A Study of DMLs as a Full Range Speaker

Hello everyone,
finally made it through the 200 pages of this thread.

I have started experimenting with DMLs sometime last year after watching the Tech Ingredients video and really like the sound of them.

After a couple of experiments I wanted to share some of my findings, but keep in mind I am by no means an expert in this stuff and have only my ears to go by, since I don't have any measuring equipment.

Firstly I was excited to tell you about honeycomb cardboard as panel material, but xrk and 100ohm found it themself recently.

I got mine from amazon in germany:
Pappwabenplatte kartonkaschiert, 5 mm x 50 cm x 70 cm, 810 g/m2, formstabile Wabenplatte zum Bekleben geeignet, beidseitge Abdeckung aus Karton, schwarz: Amazon.de: Burobedarf & Schreibwaren

I have one 1x50x70cm panel of it in use and recently one with 0,5x50x70cm arrived, which I will test soon.
It is definitly lighter than wood and still very stiff, which gives it an overall higher output especially in the highs, but still has suprisingly good lows.

I added it to my existing setup consiting of two 0,4x70x90cm birchply panels I have curved using a curved wood bracing, which brings me to my second point:
Introducing some kind of curve seems to improve the output of a panel, probably because it increases its stiffness, but again I have no actual data to back up this claim.
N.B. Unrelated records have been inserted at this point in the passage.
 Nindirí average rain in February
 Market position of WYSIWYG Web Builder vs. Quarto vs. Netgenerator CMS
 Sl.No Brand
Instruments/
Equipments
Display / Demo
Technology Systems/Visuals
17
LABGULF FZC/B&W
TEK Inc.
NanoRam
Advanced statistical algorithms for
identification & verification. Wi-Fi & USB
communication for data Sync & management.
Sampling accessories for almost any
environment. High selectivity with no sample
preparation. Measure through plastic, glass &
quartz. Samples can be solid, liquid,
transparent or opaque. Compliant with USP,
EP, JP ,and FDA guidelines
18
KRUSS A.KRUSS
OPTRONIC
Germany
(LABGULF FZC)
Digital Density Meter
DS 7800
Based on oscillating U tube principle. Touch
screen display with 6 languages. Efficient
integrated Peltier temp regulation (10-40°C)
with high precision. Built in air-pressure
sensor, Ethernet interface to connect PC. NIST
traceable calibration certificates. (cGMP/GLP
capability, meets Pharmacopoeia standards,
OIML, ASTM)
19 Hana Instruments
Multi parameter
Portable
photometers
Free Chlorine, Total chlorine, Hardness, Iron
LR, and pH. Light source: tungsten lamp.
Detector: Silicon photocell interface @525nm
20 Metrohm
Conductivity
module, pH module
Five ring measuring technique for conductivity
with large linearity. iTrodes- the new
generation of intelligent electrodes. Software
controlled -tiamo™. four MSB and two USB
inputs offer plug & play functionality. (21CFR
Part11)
Another thing I noticed, then I tried the packing styrofoam panel in the pictures, is that even though the over all sound wasn't that good it had significantly more LF output than a similar sized styrofaom panal with just a plain shape. For the people using XPS or EPS it might be worth trying to cut additional structure into the panels to see if it improves the output. Kinda like the bracings in for example a guitarr.

Also I tested the method, presented by offgridkindaguy awhile back, by attaching a small CF panel with an exciter to a kinda big wooden frame with a thin piece of plastic in it (used to prevent small caliber shells hitting the person next to you) and again while the overall sound wasn't great it had good LF output so there is defintitly somthing to this method.
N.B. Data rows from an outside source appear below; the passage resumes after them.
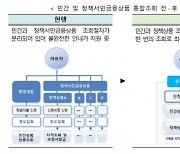 정책금융상품 한 눈에 ‘서민금융 종합플랫폼’ 6월 나온다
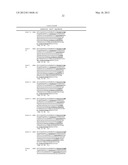 LYOPHILIZED FORMULATIONS FOR SMALL MODULAR IMMUNOPHARMACEUTICALS diagram and image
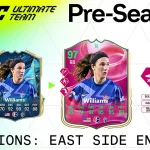Cover Obj Evolutions East Side Enforcer EA FC 25
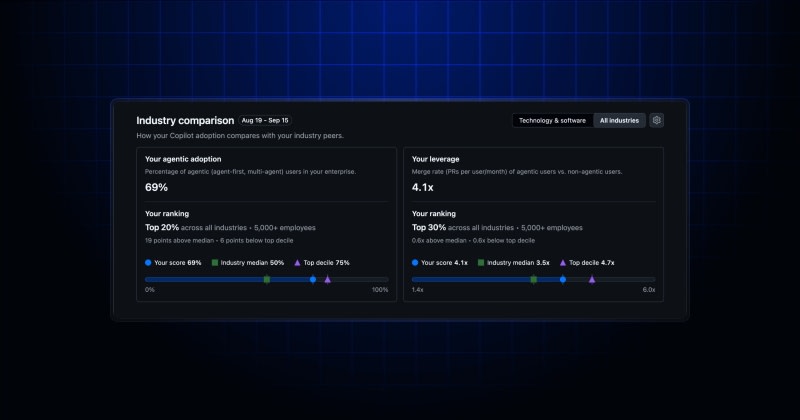 Industry comparisons in the Copilot impact dashboard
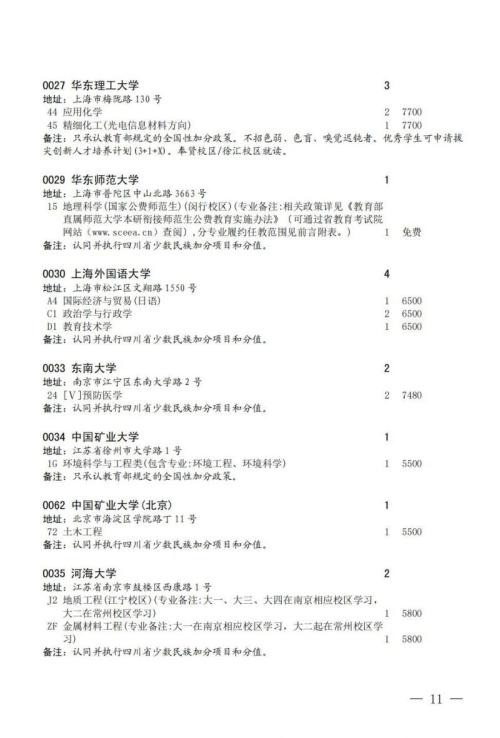 关于国家专项计划录取院校未完成计划征集志愿的通知2024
To the question of exciters the DAEX30HESF-4 was the first one I got and still think it is the best, I also tried the DAEX32QMB-4 in the hope of more bass output but was dissapointed by it.

I also have a question, I have achieved my best results by combining different panel materials for example wood + xps or wood + honeycomb cardborad, but this method of combining materials doesn't seem very common and I was wondering why?

Well thats all for now...

-Leonard

Hi Leonard
That's wonderful to hear about your honeycomb cardboard experience, thank you! Your thought with mixing materials (take the best from each:)) and different shapes is very welcome. This allows an 'out of the box' thinking, in my opinion. The risk is, to get lost in the material labyrinth;-)
With my panel, which is similar in weight with yours. size a little different and thickness is 13mm, the bass (body) is definitely missing but lovely mids and highs (a little too much prominent). With my paperboard honeycomb panels I got a better tonal balance but missing the wonderful details of the cardboard panel. Now I'm in process to make 3 or 4 layers with paper and rice glue to replace one paperboard layer and to get more stiffness at the exciter-side. It is mounted on a small poplar ply in a 'drop shape' at 1/3 (length) offcentered (wide). The working processes in modifying those panels are somewhat time-consuming and I hope to be ready next week for a first listening.
Would be great to hear about your projects.
Eric
 
I also have a question, I have achieved my best results by combining different panel materials for example wood + xps or wood + honeycomb cardborad, but this method of combining materials doesn't seem very common and I was wondering why?
You are right - I have certainly not seen combinations of materials here yet. So, what combination is giving you the best results? Can you share more details - materials used, how are they stuck together, size of the panels, on which side is the exciter, etc.?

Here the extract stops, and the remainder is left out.